Apollo et GoodLife : 800 M$ qui changent la donne
Le 1er mai 2026, Ares Management et JPMorgan ont bouclé un package de crédit privé d'environ 800 millions de dollars pour soutenir l'investissement d'Apollo dans GoodLife Group. La structure retenue : un prêt à terme de premier rang de 675 M$ auquel s'ajoute une ligne de crédit revolving de 125 M$. C'est propre, c'est massif, et ça envoie un signal très clair au marché.
Ce signal, le voilà : les grandes chaînes de salles de fitness sont désormais traitées comme des actifs d'infrastructure par les gestionnaires d'actifs alternatifs. Pas comme des commerces de détail cycliques. Pas comme des paris spéculatifs.
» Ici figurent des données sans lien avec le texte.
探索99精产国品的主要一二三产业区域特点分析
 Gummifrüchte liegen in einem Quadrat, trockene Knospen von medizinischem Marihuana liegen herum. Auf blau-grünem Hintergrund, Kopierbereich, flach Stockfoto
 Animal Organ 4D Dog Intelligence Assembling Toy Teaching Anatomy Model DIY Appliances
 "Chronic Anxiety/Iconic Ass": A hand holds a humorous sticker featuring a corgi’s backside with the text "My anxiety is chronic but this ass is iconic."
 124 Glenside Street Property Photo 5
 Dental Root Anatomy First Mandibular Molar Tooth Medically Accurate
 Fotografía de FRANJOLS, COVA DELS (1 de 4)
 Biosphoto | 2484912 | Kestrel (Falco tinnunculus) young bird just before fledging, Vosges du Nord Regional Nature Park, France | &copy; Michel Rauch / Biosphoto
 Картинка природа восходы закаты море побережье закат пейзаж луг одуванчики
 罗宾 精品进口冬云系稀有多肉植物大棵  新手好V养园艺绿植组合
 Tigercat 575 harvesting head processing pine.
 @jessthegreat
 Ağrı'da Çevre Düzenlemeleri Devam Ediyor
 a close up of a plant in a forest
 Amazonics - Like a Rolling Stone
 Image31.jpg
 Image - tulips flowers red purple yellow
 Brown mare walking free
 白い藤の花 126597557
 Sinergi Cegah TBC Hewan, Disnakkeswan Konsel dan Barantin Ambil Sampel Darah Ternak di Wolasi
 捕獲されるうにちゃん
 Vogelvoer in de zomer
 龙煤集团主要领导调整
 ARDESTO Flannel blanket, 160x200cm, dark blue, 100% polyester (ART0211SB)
Comme des business à revenus récurrents stables, dignes d'un portefeuille institutionnel.
Si t'es opérateur indépendant ou si tu gères une chaîne régionale, ce deal te concerne directement. Voici pourquoi.
GoodLife, la machine canadienne qui vise le continent
GoodLife, c'est le premier opérateur de salles de fitness au Canada avec plus de 400 clubs. Le groupe sert des millions de membres, dispose d'une infrastructure logistique rodée, et vient d'être capitalisé à un niveau que très peu d'opérateurs en Amérique du Nord peuvent atteindre.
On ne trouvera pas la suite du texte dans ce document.